Welcome back! Have you been focusing more on the tempo of your eccentric, concentric, and isometric contractions? Have you found it’s more difficult and more tiring when you make sure each eccentric contraction lasts 3 seconds? Have you been able to keep up with your breathing and core control? Let me know in the comments!

In the last lesson we spoke about the three different types of contractions and how manipulating each will help you achieve different results from your training. I mentioned you’ll want to change the tempo, or time for each eccentric, isometric, and concentric rep based on the different types of training. Today we’re going to go over those different types of training and why it’s so important balance your program to include all of them.

As you exercise, your body will adapt and improve based on the movements you perform. Those adaptations will relate to the two types of fitness, health related fitness and skill related fitness. WIthin the two types of fitness there are 11 further components of fitness, 5 pertaining to health related fitness and 6 to skill related fitness. Knowing why and how the body adapts to various forms of exercise will help you select those that have the largest effect on the component you are working on improving.

Health related fitness is what most people are generally concerned with when first taking up a health and fitness routine. Health related fitness is measured by a person's metabolic health, including muscle strength, muscle endurance, and cardiorespiratory capacity, combined with a person's flexibility and body composition. Improving each of these five components is important for bringing a person back to optimal health, so let’s take a moment to discover what each means and what exercises can help improve them.

  1. Muscle strength is the measurement of force a muscle can produce when contracting maximally under load. Muscle strength isn’t just a factor of how big a muscle is, but also how efficiently the central nervous system can communicate the signals to muscle fibers, getting them to contract and work together to produce the most force possible. Training muscle strength involves heavy weights, less repetitions and sets, and longer rest times between sets. Beginners should include 3 sets with rep ranges between 8 to 12 and rest times of 2 minutes.

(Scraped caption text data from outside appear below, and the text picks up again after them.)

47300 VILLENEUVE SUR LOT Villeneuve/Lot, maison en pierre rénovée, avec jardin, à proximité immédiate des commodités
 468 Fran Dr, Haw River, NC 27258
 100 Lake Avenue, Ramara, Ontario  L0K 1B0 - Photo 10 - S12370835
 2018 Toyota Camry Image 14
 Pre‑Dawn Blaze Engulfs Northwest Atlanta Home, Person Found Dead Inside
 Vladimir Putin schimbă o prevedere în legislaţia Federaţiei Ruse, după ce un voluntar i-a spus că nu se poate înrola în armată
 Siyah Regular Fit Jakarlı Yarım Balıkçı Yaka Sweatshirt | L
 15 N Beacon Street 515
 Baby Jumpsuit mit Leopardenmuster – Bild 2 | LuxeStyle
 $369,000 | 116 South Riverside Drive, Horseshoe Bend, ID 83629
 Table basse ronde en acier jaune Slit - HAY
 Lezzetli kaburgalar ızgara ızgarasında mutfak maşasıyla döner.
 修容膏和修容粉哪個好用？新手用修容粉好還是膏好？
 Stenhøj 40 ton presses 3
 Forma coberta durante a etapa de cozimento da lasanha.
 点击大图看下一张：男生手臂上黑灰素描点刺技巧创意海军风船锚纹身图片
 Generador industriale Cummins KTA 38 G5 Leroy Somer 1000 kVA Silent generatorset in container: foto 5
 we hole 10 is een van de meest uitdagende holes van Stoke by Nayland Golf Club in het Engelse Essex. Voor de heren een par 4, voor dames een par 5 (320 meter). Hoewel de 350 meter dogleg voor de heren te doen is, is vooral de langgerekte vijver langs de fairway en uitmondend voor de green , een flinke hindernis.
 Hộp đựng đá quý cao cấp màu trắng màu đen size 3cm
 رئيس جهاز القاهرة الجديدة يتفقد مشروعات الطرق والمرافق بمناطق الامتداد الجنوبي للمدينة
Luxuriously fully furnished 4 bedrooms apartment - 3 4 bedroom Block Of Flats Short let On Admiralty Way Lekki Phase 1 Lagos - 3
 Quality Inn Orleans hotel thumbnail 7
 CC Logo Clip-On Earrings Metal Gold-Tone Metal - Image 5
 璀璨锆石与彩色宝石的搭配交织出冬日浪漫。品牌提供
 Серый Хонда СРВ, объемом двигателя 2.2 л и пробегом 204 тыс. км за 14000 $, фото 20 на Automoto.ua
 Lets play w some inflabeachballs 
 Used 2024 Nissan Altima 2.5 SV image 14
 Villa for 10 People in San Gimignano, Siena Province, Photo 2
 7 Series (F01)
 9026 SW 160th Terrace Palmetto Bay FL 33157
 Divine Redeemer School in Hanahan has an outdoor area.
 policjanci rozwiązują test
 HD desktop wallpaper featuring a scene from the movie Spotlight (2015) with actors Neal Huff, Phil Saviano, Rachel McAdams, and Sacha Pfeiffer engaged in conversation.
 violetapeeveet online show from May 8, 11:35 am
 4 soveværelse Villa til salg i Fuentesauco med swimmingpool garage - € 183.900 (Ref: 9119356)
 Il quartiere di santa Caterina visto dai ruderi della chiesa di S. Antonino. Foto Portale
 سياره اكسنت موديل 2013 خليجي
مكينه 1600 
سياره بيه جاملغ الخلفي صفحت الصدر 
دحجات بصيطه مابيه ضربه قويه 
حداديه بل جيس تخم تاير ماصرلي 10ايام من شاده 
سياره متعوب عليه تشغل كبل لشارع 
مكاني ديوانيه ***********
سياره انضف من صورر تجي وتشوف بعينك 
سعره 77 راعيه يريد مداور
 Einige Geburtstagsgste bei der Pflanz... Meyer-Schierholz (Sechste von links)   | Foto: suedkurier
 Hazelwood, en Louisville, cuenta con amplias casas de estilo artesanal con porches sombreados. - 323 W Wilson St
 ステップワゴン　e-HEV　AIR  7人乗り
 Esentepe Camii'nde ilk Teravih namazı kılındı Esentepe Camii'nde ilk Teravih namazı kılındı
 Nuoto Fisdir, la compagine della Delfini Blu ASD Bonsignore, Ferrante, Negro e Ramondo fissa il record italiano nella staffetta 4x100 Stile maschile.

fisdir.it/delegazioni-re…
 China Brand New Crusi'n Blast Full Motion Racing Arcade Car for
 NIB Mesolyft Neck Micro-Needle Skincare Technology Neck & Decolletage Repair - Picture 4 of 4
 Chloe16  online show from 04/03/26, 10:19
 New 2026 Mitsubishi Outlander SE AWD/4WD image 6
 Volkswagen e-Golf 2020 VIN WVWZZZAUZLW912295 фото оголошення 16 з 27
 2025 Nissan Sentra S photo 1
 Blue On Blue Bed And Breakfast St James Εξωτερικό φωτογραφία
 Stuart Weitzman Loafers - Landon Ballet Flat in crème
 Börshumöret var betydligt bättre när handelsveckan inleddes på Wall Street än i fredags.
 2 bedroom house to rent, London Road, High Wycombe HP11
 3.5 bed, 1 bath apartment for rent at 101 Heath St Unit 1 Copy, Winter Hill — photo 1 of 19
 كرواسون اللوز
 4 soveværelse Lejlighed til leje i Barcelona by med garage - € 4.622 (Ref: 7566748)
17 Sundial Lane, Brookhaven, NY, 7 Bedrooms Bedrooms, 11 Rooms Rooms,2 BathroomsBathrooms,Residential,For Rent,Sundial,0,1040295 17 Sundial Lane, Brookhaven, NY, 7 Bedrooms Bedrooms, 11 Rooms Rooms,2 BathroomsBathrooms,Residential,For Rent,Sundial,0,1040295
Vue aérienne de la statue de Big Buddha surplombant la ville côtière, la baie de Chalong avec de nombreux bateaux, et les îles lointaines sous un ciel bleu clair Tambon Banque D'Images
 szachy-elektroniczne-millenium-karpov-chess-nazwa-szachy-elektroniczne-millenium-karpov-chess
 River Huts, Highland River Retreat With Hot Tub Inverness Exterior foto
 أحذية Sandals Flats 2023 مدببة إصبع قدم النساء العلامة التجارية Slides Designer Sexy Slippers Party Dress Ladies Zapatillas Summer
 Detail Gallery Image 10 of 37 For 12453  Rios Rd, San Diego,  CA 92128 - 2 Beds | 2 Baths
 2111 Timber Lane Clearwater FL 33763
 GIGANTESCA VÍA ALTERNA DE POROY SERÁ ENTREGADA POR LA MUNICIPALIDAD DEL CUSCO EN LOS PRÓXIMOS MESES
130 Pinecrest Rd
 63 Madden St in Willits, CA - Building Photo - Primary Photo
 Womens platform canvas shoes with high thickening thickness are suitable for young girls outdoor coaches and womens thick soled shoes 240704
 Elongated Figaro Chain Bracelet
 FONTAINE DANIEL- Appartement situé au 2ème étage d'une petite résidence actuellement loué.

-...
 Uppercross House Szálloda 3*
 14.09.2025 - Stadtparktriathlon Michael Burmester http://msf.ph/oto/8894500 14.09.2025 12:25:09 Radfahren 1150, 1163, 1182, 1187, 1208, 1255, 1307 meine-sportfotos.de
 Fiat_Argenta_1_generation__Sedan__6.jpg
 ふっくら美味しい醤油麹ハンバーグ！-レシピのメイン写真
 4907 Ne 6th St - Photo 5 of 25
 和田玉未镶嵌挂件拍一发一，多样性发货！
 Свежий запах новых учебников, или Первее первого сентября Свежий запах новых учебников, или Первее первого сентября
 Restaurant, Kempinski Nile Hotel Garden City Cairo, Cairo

As you advance, you can reduce the repetitions when training for strength to between 1 to 5 repetitions and increase rest times to between 3 and 5 minutes.

  2. Muscle endurance is the opposite of muscle strength, in that its calculated based on a muscle's ability to continually contract over longer periods of time. For examples, cycling, skiing, swimming, and running all require muscle endurance. Muscle endurance is trained using lighter loads in combination with higher repetitions and shorter rest times between sets. For example, 3 sets of 12 or more repetitions with 45 seconds to a minute rest time. The use of circuit training is a great way of improving your muscular endurance, as rather than straight rest time you can use active rest.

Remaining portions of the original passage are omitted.